Task objective: Output what the records say, word for word, with no images.

(Data)

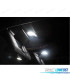 KIT 20 LAMPADE LED INTERNE PER MERCEDES CLASSE C W204 C200 C220 C230 C250 C280 C300 C350 C63 AMG 08-14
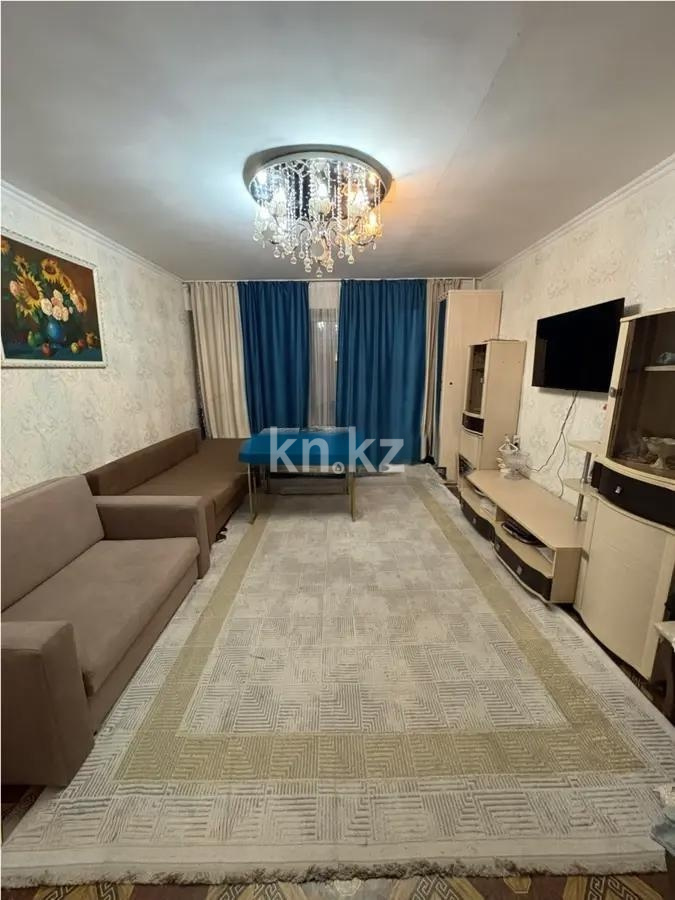 Продажа 3-комнатной квартиры, 65 м² в Астане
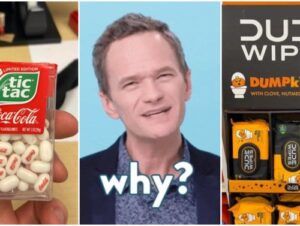 Okay, But Why Do These Products Even Exist? 5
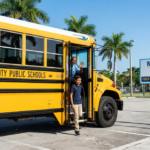 Calendar for Miami Dade Public Schools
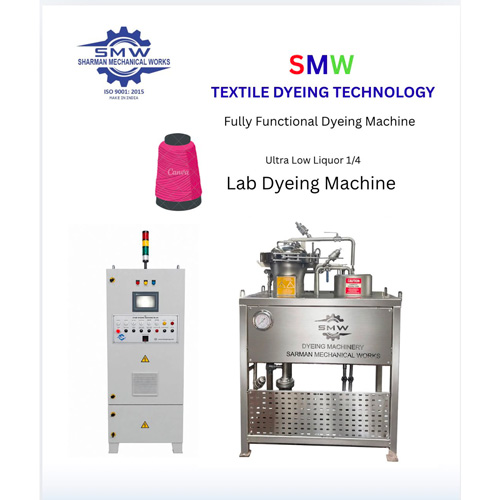 Ultra Low Liquor Lab manufacturer in Belarus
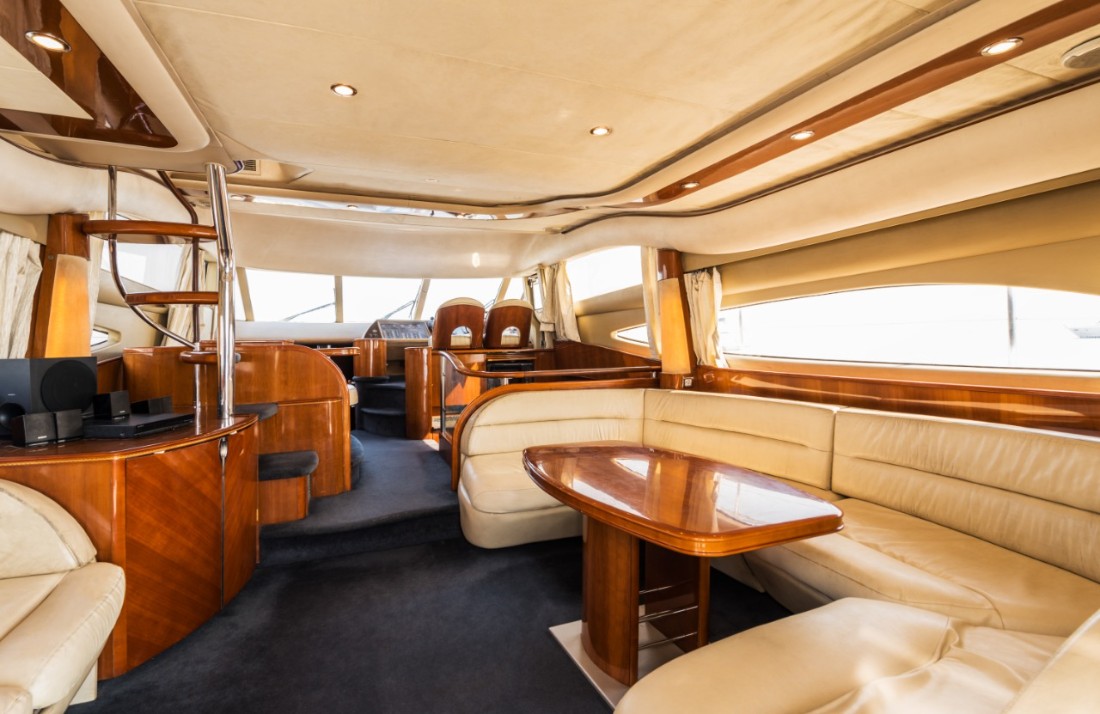 Beacon Yachts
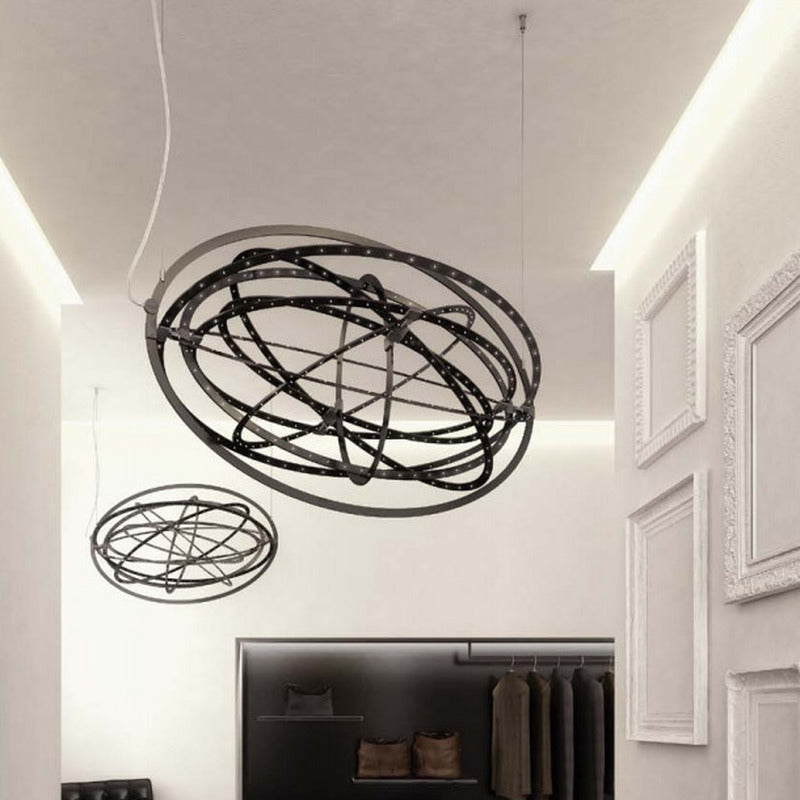 Copernico Suspension Light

(End Data)

Completed task:
 KIT 20 LAMPADE LED INTERNE PER MERCEDES CLASSE C W204 C200 C220 C230 C250 C280 C300 C350 C63 AMG 08-14
 Продажа 3-комнатной квартиры, 65 м² в Астане
 Okay, But Why Do These Products Even Exist? 5
 Calendar for Miami Dade Public Schools
 Ultra Low Liquor Lab manufacturer in Belarus
 Beacon Yachts
 Copernico Suspension Light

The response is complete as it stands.